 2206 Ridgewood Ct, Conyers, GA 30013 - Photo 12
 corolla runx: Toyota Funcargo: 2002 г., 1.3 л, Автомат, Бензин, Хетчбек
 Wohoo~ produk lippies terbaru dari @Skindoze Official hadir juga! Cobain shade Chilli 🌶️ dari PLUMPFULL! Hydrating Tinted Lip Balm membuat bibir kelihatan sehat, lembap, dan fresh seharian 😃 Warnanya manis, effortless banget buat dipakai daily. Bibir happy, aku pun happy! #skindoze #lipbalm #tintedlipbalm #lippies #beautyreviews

==

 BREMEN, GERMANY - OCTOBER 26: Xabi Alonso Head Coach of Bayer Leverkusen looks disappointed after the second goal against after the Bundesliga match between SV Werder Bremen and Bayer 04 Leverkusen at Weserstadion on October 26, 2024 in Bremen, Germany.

TASK GOAL: Look above for the line containing "corolla runx: Toyota" and the line containing "Wohoo~ produk lippies". Transcribe both, with the lines between them, exactly.

TASK OUTPUT:
 corolla runx: Toyota Funcargo: 2002 г., 1.3 л, Автомат, Бензин, Хетчбек
 Wohoo~ produk lippies terbaru dari @Skindoze Official hadir juga! Cobain shade Chilli 🌶️ dari PLUMPFULL! Hydrating Tinted Lip Balm membuat bibir kelihatan sehat, lembap, dan fresh seharian 😃 Warnanya manis, effortless banget buat dipakai daily. Bibir happy, aku pun happy! #skindoze #lipbalm #tintedlipbalm #lippies #beautyreviews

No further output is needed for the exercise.